Wrote to tech support of a memory company about the type of memory I should use for this motherboard. I'll copy and paste what he wrote and let you comment.
For those that might be new to this thead the motherboard is:
ASUS P6X58D Premium LGA 1366 Intel X58 SATA 6Gb/s USB 3.0 ATX Intel Motherboard
http://www.newegg.com/Product/Product.aspx?Item=N82E168...

"If you run memory at 1600Mhz or higher in this board, you will only be able to install one channel of memory. Remember that when you run any DDR3 memory faster than 1333Mhz, you are overclocking. If you do use our 1600Mhz ,,,,,,,, memory, you will have to go into the BIOS to set the memory to run at 1600Mhz.
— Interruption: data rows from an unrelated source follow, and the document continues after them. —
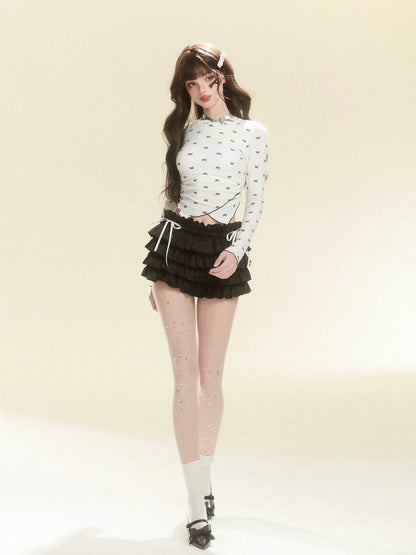 Lace-up Ribbon Slim Bag Top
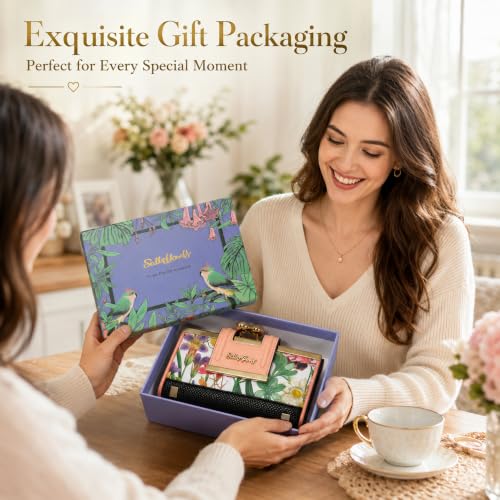 Image of Floral Wallet for Women, Vintage Kiss-Lock Clutch Purse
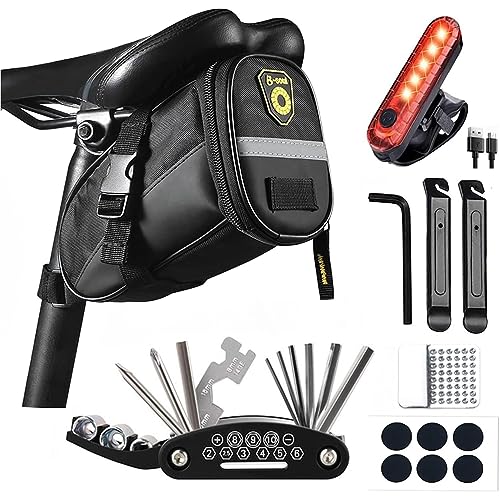 Bike Repair Tool Kit with Mini Bicycle Pump,16-in-1 Bike Multitool, Portable Bicycle Flat Tire Repair Kit for Road MTB EBikes, Bike Emergency Repair Kit, Saddle Bag with Tail Light - style: Repair Tool Kit With Bike Light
At the default settings, the memory will run at 1333Mhz.

If you have enough memory for what you are using the computer for, you will get better performance with faster RAM. But if you are going to need more RAM, you will need to trade off performance for capacity.

1066Mhz is in the list because it will work in this motherboard. But you should probably choose 1333MHz memory over 1066Mhz memory for this motherboard. In other motherboard, this may not be the case due to limitations of the board."

I'm still a bit confused. Everyone seems to be recommending the 1600Mhz memory, even my builder. Yet, from what I understand, I only be able to install one channel of memory. Would it make sense to configure the memory to run two channels and go with the 1333MHz memory?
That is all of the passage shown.